Segment Start: Records supplied

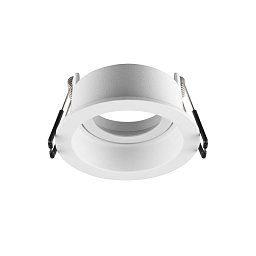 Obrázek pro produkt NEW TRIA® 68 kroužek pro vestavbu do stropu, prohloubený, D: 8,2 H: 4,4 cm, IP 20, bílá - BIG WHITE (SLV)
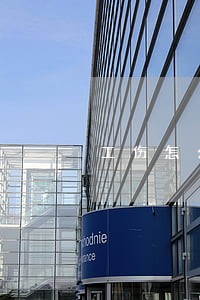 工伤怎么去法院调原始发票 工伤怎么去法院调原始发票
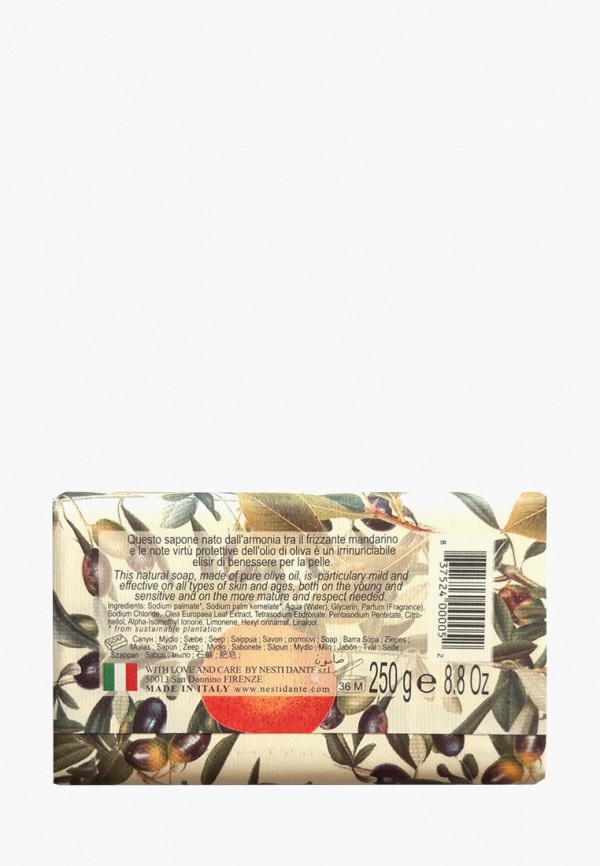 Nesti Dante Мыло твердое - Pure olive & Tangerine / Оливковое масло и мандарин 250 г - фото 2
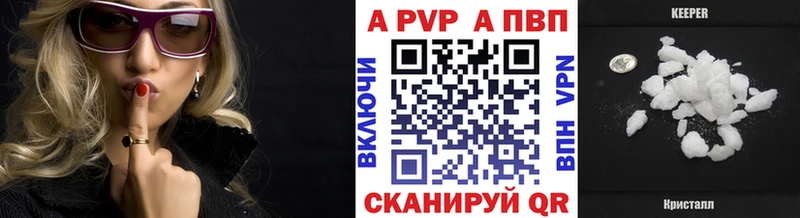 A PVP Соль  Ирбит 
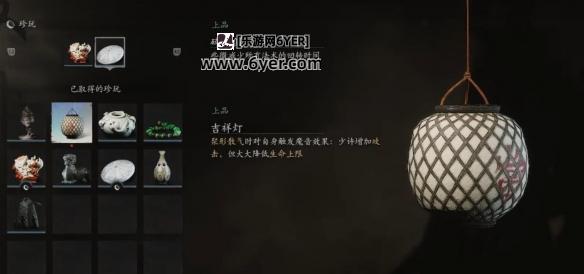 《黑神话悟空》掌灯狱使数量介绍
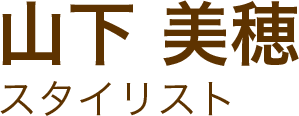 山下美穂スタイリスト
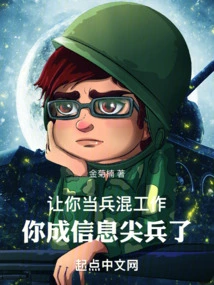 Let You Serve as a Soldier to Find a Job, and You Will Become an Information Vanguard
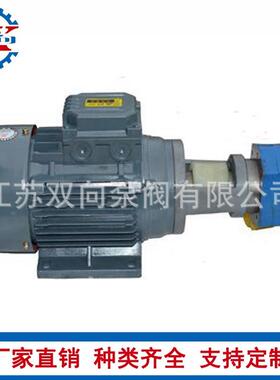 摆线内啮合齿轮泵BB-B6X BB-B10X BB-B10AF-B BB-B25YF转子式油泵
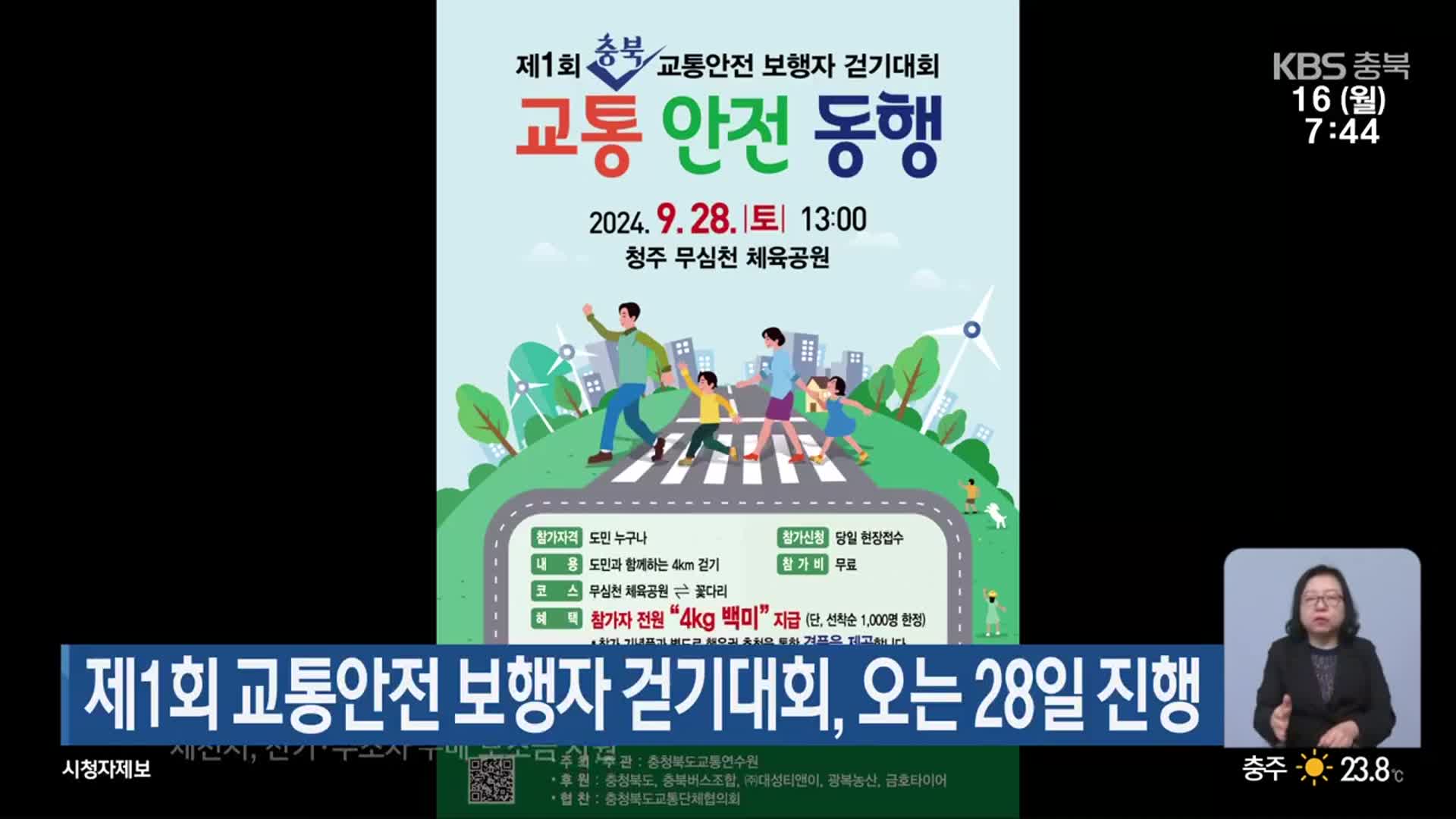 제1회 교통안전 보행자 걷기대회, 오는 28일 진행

Segment End: Records supplied

(About this task):
Restate the listing word for word, pictures omitted.

(Exercise result):
 Obrázek pro produkt NEW TRIA® 68 kroužek pro vestavbu do stropu, prohloubený, D: 8,2 H: 4,4 cm, IP 20, bílá - BIG WHITE (SLV)
 工伤怎么去法院调原始发票 工伤怎么去法院调原始发票
 Nesti Dante Мыло твердое - Pure olive & Tangerine / Оливковое масло и мандарин 250 г - фото 2
 A PVP Соль  Ирбит 
 《黑神话悟空》掌灯狱使数量介绍
 山下美穂スタイリスト
 Let You Serve as a Soldier to Find a Job, and You Will Become an Information Vanguard
 摆线内啮合齿轮泵BB-B6X BB-B10X BB-B10AF-B BB-B25YF转子式油泵
 제1회 교통안전 보행자 걷기대회, 오는 28일 진행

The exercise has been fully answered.